Considering he was an artist I only used to have a passing familiarity with, I’ve spent a lot of hours listening to Fennesz this year. Something about his music has seemed appropriate for a time when it’s been necessary to hide away from the outside world, and find some other form of escape from the confines of the immediate physical environment.
Agora is Christian Fennesz’s most recent album as well as the most straightforwardly ‘ambient’ I’ve heard from him. The usual guitar is not to be found much, at least not appearing in a way that sounds recognisably like guitar. Neither are the clicks, pops, and glitches that populated his ‘breakout’ album Endless Summer, and normally give his music its crackly texture, complimenting the guitar to provide an abstract melody and cadence, of sorts.
Each of the four extended tracks on Agora is an all-encompassing monolithic wash of sound, with few aural landmarks to guide you once you’re in the midst of it. But despite their towering stature that’s not to say the music isn’t pretty – it’s lovely. Shorn as it is of all the fizzing clicks and glitches, this is the ‘smoothest’ Fennesz album I’ve heard, and certainly the easiest on the ears.

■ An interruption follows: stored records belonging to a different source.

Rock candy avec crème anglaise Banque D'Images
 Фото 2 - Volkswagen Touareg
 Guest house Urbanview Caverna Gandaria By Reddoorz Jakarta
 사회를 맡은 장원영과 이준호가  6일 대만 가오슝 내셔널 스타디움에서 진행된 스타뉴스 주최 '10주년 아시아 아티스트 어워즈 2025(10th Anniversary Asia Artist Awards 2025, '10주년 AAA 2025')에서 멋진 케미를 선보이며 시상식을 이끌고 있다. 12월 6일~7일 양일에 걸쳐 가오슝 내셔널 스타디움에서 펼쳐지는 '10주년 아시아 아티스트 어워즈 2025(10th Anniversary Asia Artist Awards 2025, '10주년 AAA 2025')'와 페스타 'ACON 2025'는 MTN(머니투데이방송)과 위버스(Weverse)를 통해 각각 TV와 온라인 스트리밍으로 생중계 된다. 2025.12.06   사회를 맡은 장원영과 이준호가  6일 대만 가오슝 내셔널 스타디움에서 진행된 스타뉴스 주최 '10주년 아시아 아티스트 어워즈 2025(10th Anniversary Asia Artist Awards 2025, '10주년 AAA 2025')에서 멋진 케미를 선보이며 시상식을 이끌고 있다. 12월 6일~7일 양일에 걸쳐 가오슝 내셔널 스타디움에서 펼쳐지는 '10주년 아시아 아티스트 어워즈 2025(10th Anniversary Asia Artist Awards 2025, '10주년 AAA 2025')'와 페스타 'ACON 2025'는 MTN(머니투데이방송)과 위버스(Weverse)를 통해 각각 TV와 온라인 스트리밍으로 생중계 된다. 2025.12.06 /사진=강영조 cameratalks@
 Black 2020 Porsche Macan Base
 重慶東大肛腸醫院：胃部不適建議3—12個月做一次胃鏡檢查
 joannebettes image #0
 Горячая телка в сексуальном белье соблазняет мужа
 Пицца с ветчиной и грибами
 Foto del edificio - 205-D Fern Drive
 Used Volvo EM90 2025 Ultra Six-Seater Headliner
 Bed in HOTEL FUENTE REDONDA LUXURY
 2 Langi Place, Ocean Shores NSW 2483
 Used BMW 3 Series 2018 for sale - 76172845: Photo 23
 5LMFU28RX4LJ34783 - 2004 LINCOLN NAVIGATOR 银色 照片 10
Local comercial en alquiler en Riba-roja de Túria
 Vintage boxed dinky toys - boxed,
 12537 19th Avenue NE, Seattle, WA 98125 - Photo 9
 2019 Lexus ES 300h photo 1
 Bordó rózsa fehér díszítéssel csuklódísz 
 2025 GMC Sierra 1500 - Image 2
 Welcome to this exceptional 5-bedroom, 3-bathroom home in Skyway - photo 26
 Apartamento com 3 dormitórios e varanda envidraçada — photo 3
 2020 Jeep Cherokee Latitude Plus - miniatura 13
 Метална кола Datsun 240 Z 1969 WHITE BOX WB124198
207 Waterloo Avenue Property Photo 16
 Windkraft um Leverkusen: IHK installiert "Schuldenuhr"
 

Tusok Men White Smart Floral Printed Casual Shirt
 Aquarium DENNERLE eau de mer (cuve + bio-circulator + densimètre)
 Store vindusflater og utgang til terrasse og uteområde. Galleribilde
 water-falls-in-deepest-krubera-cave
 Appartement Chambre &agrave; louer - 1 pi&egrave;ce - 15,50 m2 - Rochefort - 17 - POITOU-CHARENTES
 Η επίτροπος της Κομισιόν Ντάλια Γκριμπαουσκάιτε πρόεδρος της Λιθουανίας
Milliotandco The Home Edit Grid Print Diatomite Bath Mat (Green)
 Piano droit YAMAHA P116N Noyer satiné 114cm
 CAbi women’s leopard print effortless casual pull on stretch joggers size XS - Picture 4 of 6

Given the listening environment this year, opening track ‘In My Room’ is aptly titled. But rather than inner space, Agora feels like an exploration of the great outdoors, specifically the ocean and the point at which it meets the land. In a similar but more subtle way than on 2008’s Black Sea (which I guess was inspired directly by that particular water feature), each of these tracks is evocative of the shoreline, and the feeling of boundless expanse you get when standing on a beach with nothing but sand, sea and sky in sight.
In My Room shudders into life with a lurching low rumble, then gives way to a clarion-like drone which is repeated over itself and drawn out into an endless blur of layers – the whole thing feels exactly like the heralding of a glorious sunrise on a pure new day. Elsewhere, there is some guitar to be found once you pay attention, but no plucked strings: it’s all soft washes of distortion, like waves surging up over sand and then rushing back again leaving a foam of gently fizzing bubbles.

The word ‘agora’ comes from the Greek for marketplace or ‘place of assembly’, which is where we get the term ‘agoraphobia’. Often used to refer to a fear of going outside, I suppose it really means a fear of crowded, populated places. Although this album came out in 2019, it couldn’t be more fitting that it’s been one of my preferred mental escape routes for 2020. A year characterised by an inordinate amount of time spent not just indoors, but away from crowded populated areas, to the extent that it seems while some of us will be desperately seeking the crush of human contact, the rest may suffer some form of agora-phobia for years to come.
Whatever your anxieties are about the future state of the world, I recommend this album as a form of relief. Coming out of a deep listen on headphones feels like emerging from a cleansing swim in a calm, clear sea.